El hombre, además, debía estar emocionado. Antes de arrancar la velada, recibió la Medalla de Oro del Festival de Jazz de Barcelona en reconocimiento a su carrera. Barcelona es importante en la vida y en la música de este pianista. Él mismo lo recordó al agradecer el galardón y al despedirse del público. Aquí se ha hecho músico; de aquí es Jorge Rossy, el batería de su primer trío; aquí ha tocado tanto desde principios de los 90, cuando los que sabían veían en él la estrella en ascenso que se iluminó a finales de la década —sigue encendida.
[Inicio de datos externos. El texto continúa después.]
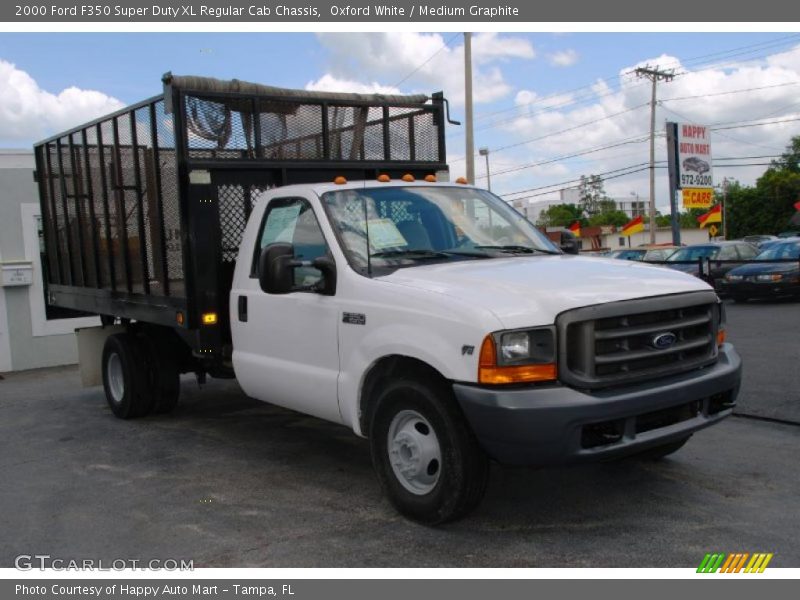 Oxford White / Medium Graphite 2000 Ford F350 Super Duty XL Regular Cab Chassis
El concierto de este miércoles, sin embargo, es el partido de fútbol de un jugador que aun tiene que coger el ritmo. No se complicó mucho la vida. Fue una especie de Manual de Mehldau para Principiantes. Sonaron dos piezas de Suite: April 2020, su último disco, una colección de miniaturas escritas en confinamiento, migajas sonoras que marcan el recorrido de casa en casa de un día cualquiera —de abril o del mes que quieras— de este año de encierro que Mehldau ha pasado en casa de Fleurine, su mujer, en Holanda. Es una entrega ecléctica. Algunas piezas son más abstractas, otras más descriptivas, algunas más atmosféricas, otras concretas. Hay una pizca de todos los mehldaus aquí, desde el improvisador impresionista al intérprete más académico, pasando por el músico que toca dos melodías en paralelo y el centrifugador de grandes estándares, del Great American Songbook y de toda cuanta música popular atrapa y reprocesa, de los Beatles a Radiohead y Soundgarden.
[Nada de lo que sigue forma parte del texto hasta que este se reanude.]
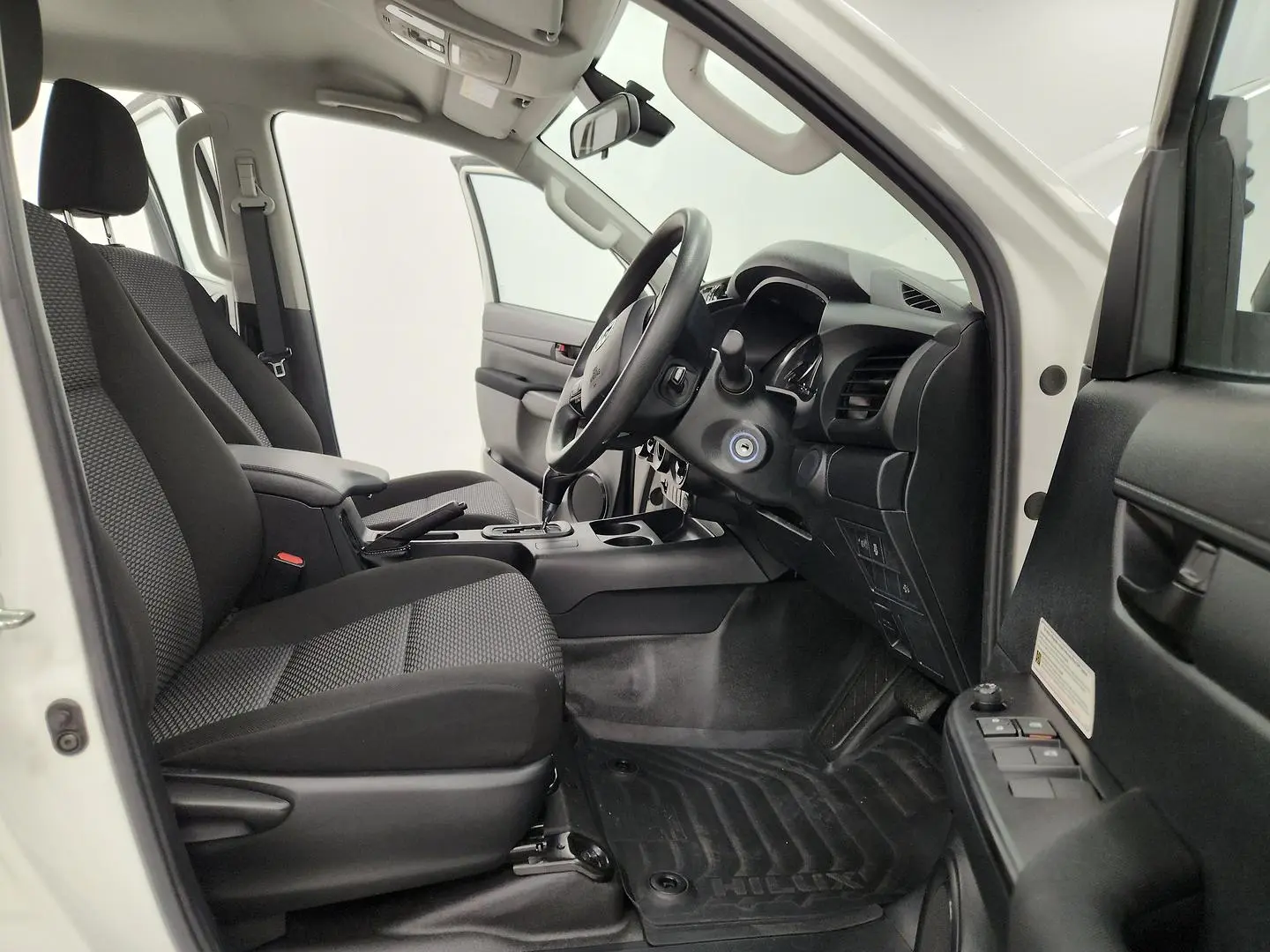 2021 Toyota Hilux Gallery Image 22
Mehldau ofreció en el Palau el mismo jarabe, pero menos intenso y arriesgado, más populista y colorido. Sólo este par de temas suyos, un Coltrane, un Monk. El resto, revisiones poco revisadas de los Beatles, Bowie (Life in Mars) y Radiohead, claro. El Mehldau estrella apareció en la pieza de entrada, uno encadenado de canciones que incluía Karma Police y Go To Sleep, de Radiohead, claro, y una fenomenal versión de I Am The Walrus, del Magical Mystery Tour de los Beatles, el momentazo de la noche, con Mehldau enseñando todas sus caras, la de verdad y las musicales, en cuatro minutos, juegos de manos incluidos.
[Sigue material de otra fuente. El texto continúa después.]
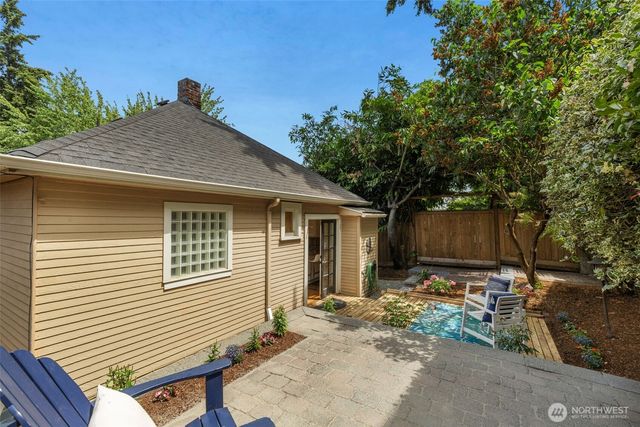 155 Florentia Street, Seattle, WA 98109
La parte central del concierto fue más anodina, punteada con chispas blues y su maravillosa mano izquierda. Al final, el hombre lo levantó con tres bises, Maybe I'm Amazed, de Paul McCartney; Skippy, de Monk, maravillosamente improvisado; y el último, Golden Slumbers, del Abbey Road, tocado con la misma actitud y aires que el primer tema del concierto. Final redondo. Sabe latín, Mehldau, y tenía a la gente entregada —era la undécima vez que actuaba en el Festival. El público acabó de pie y el artista remachó sus deseos de felicidad pospandèmica con que había despedido el concierto regular con los versos de la canción de McCartney: "Érase una vez el camino para volver a casa...".